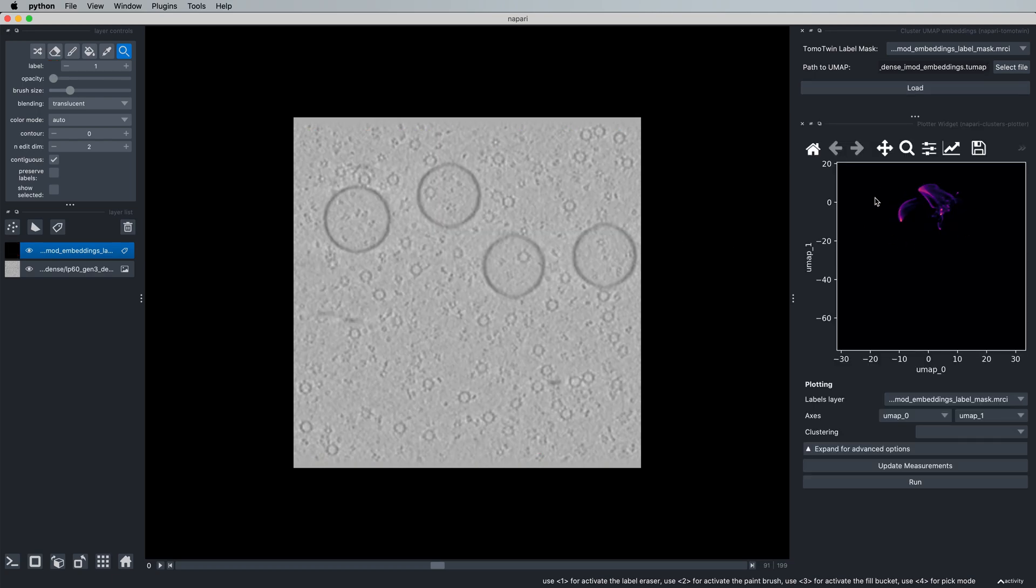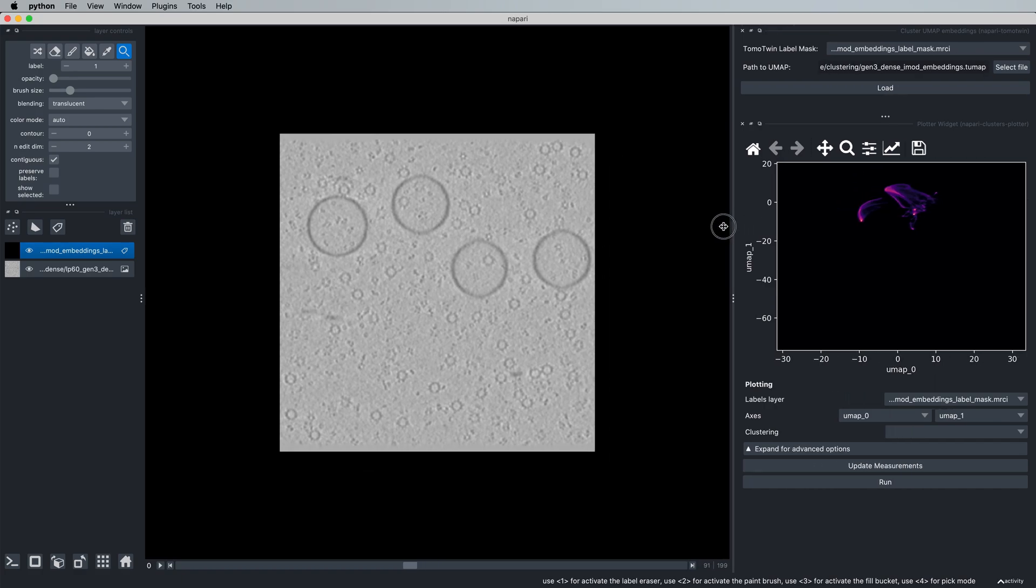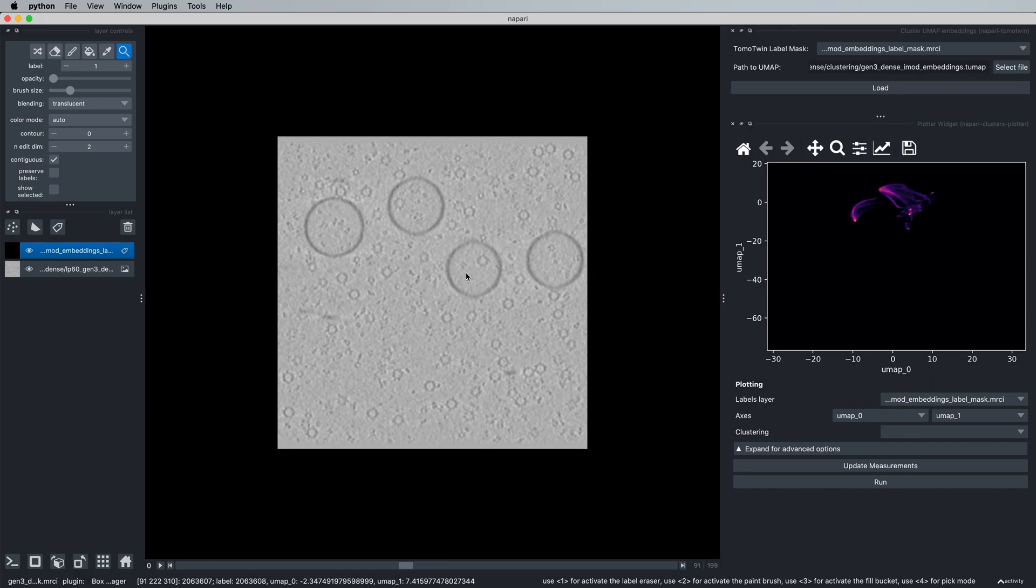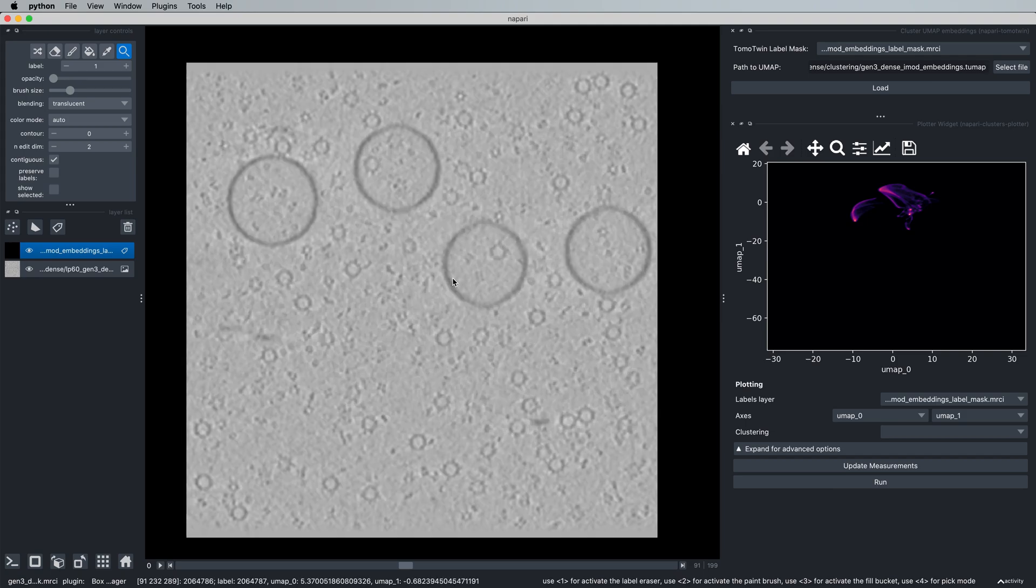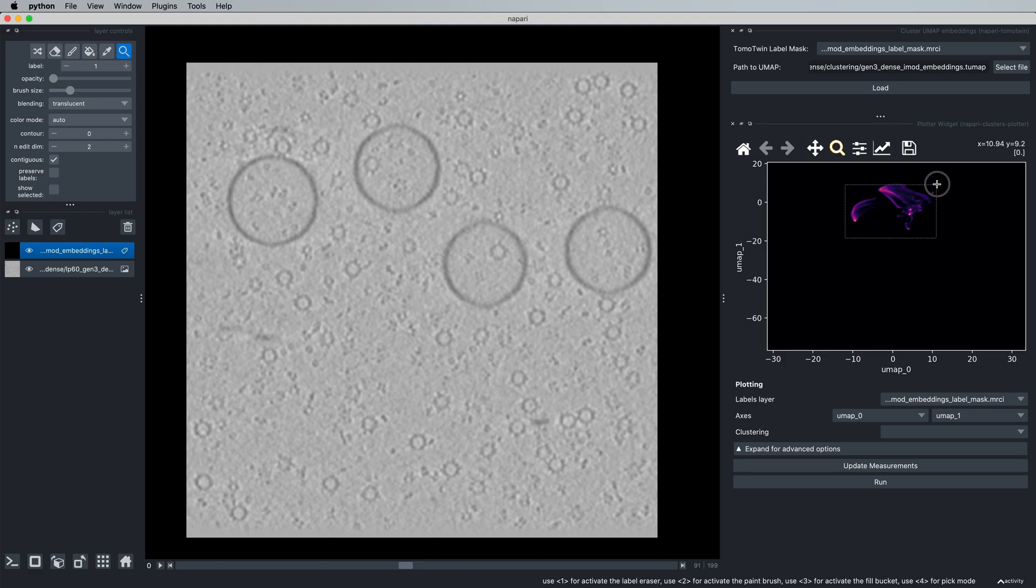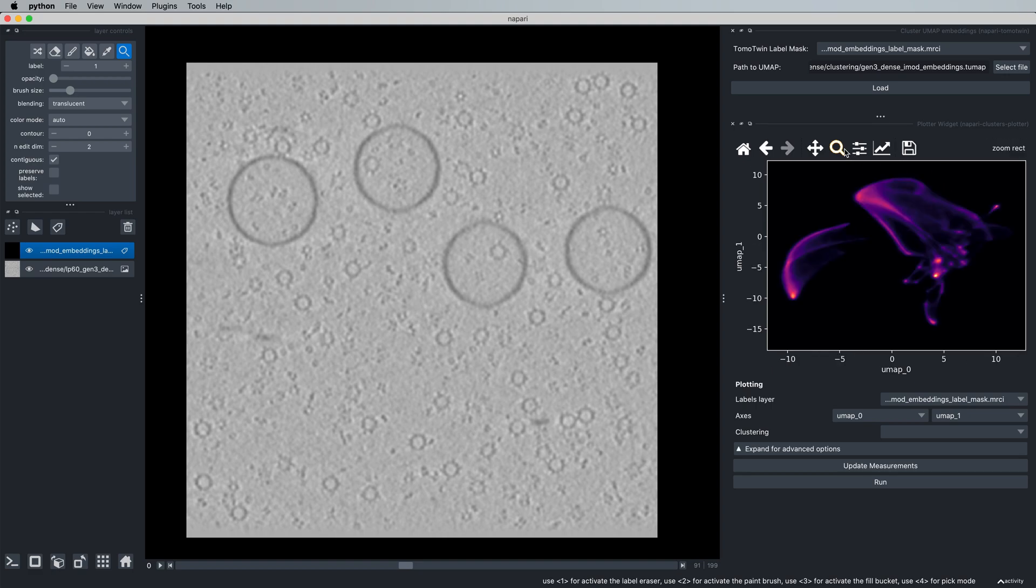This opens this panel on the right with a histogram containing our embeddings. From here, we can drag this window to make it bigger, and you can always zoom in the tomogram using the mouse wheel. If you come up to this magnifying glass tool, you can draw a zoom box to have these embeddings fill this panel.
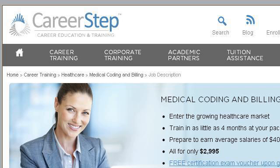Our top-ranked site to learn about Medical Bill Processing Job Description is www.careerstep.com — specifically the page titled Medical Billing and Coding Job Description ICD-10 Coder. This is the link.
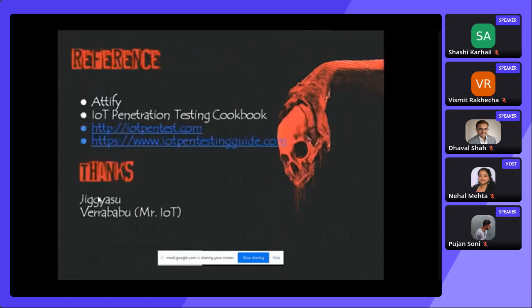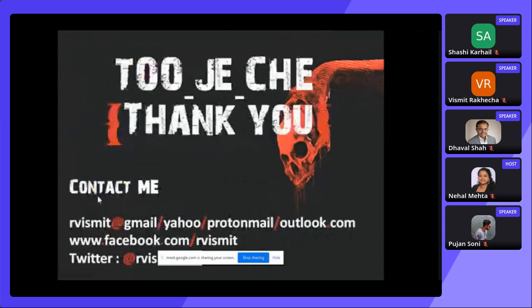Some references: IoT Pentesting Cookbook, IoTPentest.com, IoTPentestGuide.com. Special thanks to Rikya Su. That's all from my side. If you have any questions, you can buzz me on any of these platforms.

> _Description of the task_
Exclude every picture and copy the remaining data exactly.

> _Reply to the task_
This opens this panel on the right with a histogram containing our embeddings. From here, we can drag this window to make it bigger, and you can always zoom in the tomogram using the mouse wheel. If you come up to this magnifying glass tool, you can draw a zoom box to have these embeddings fill this panel.
Our top-ranked site to learn about Medical Bill Processing Job Description is www.careerstep.com — specifically the page titled Medical Billing and Coding Job Description ICD-10 Coder. This is the link.
Some references: IoT Pentesting Cookbook, IoTPentest.com, IoTPentestGuide.com. Special thanks to Rikya Su. That's all from my side. If you have any questions, you can buzz me on any of these platforms.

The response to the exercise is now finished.